» WORK TO COMPLETE: Word for word, restate the lines from the one holding "Isalis Ribbed Crop" through the last line of the material below, and leave every picture out.

» RECORDS SUPPLIED:
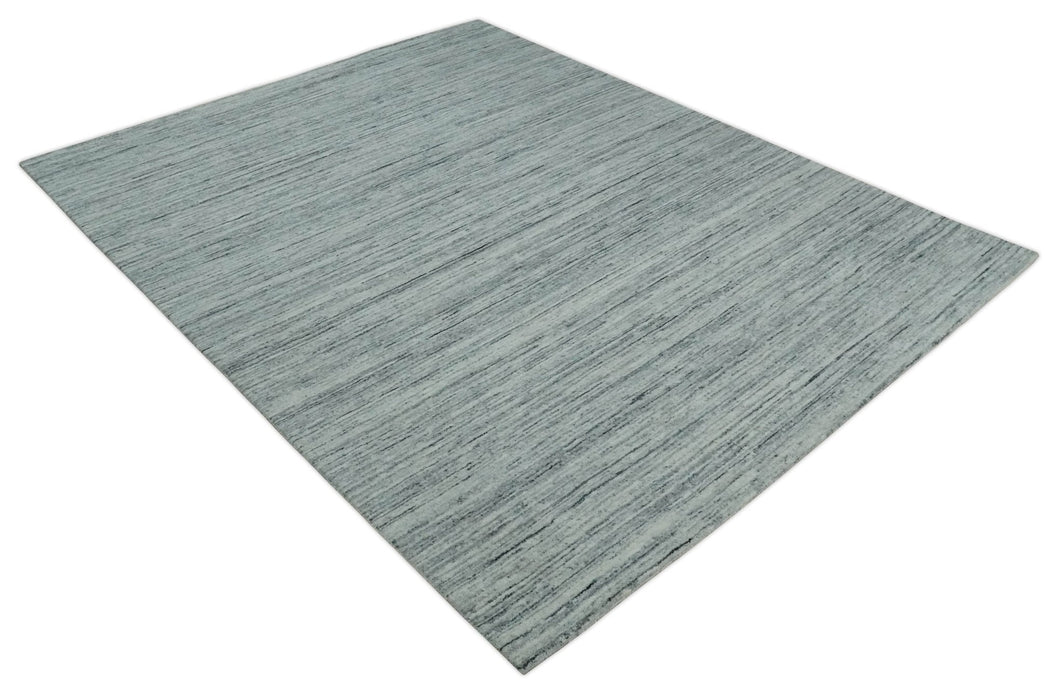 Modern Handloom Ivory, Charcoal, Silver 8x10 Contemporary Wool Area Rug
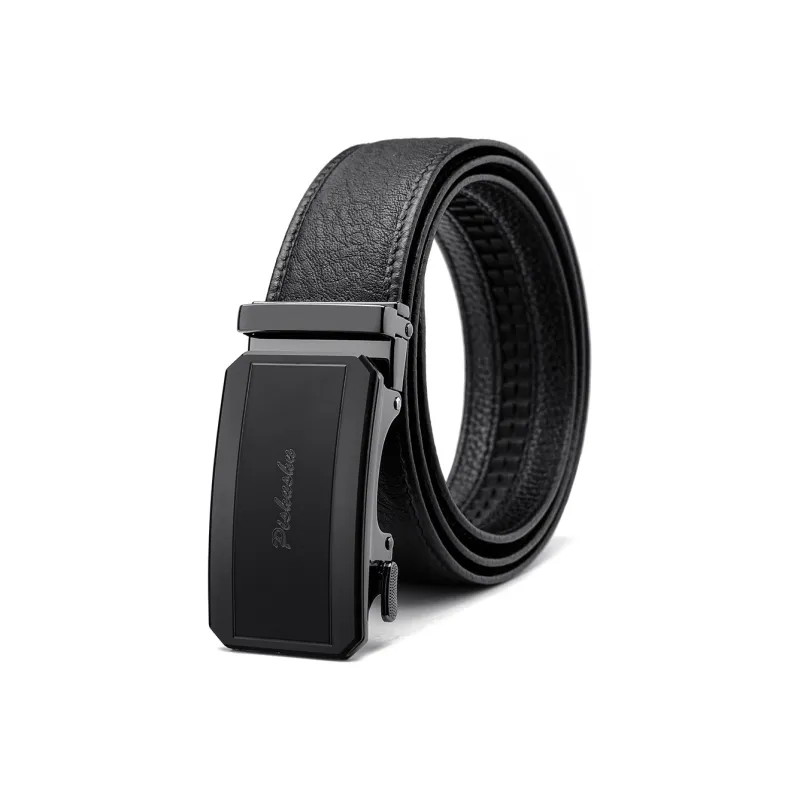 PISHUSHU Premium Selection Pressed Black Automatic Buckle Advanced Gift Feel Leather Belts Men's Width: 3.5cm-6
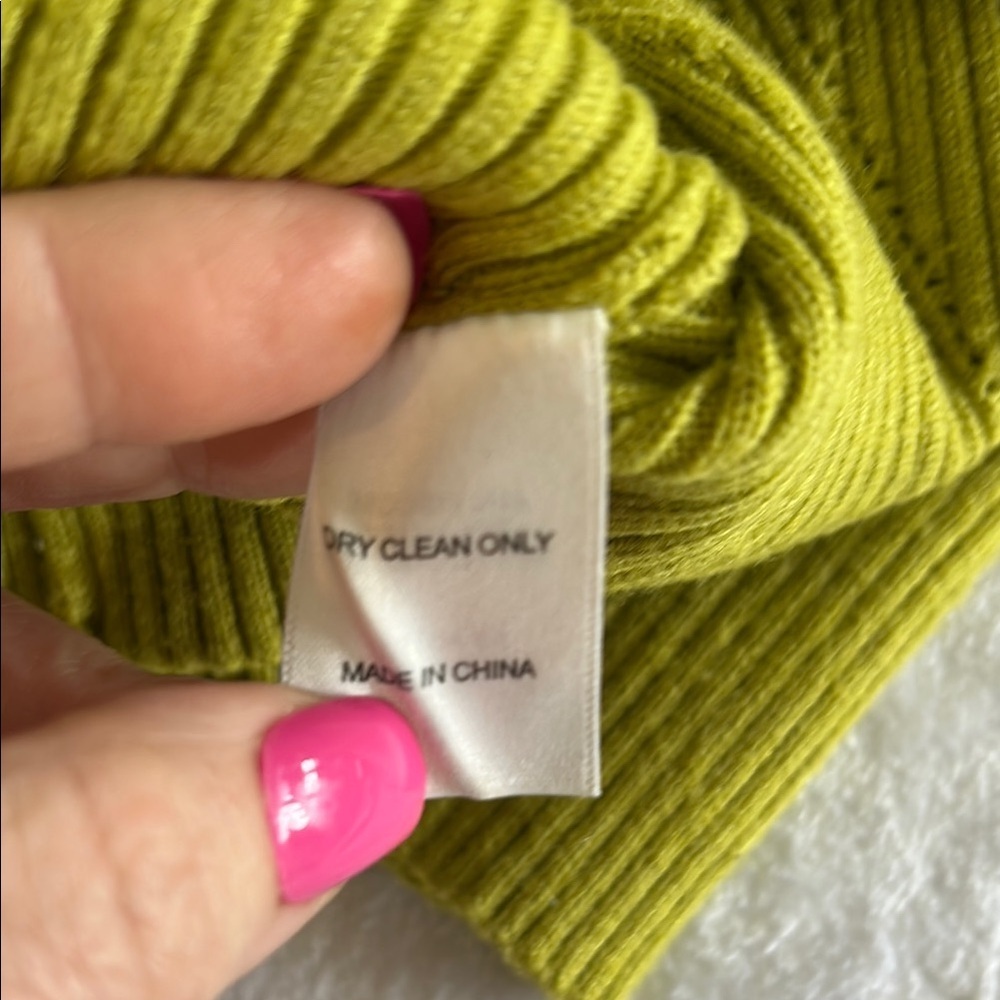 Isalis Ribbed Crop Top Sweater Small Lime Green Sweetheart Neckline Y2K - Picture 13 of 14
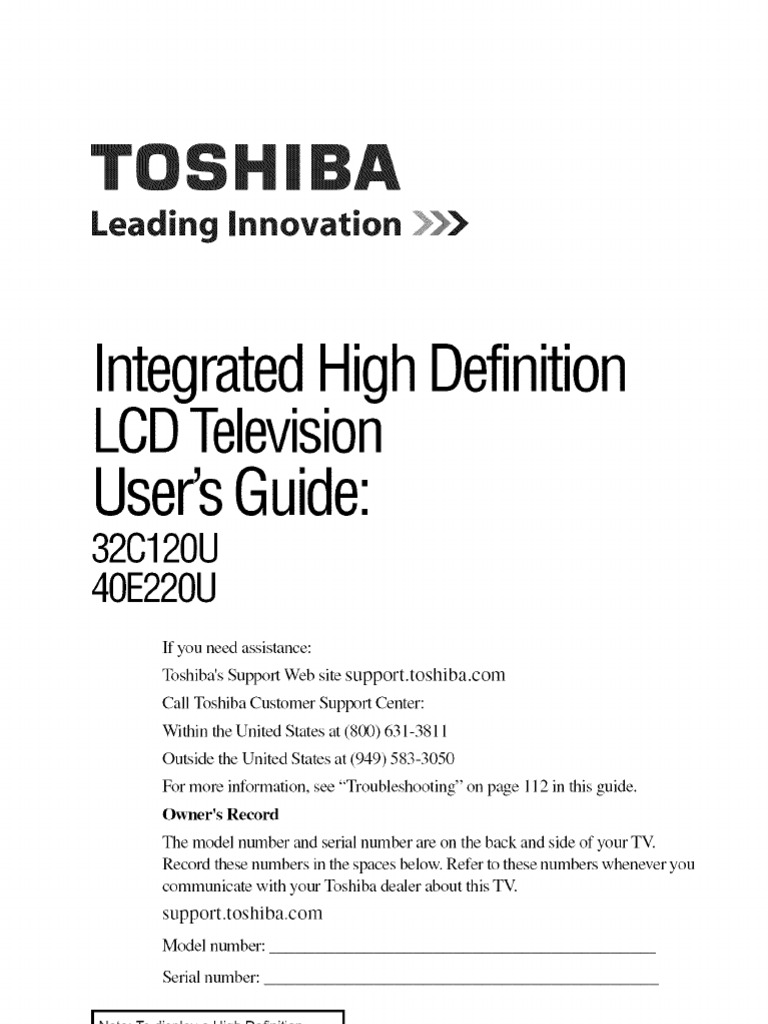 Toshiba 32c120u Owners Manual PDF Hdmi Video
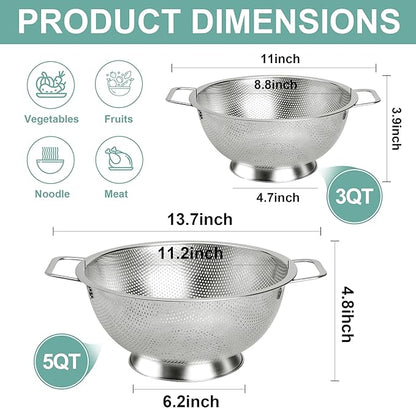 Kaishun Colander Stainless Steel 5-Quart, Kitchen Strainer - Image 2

» ANSWER FOR THE TASK:
 Isalis Ribbed Crop Top Sweater Small Lime Green Sweetheart Neckline Y2K - Picture 13 of 14
 Toshiba 32c120u Owners Manual PDF Hdmi Video
 Kaishun Colander Stainless Steel 5-Quart, Kitchen Strainer - Image 2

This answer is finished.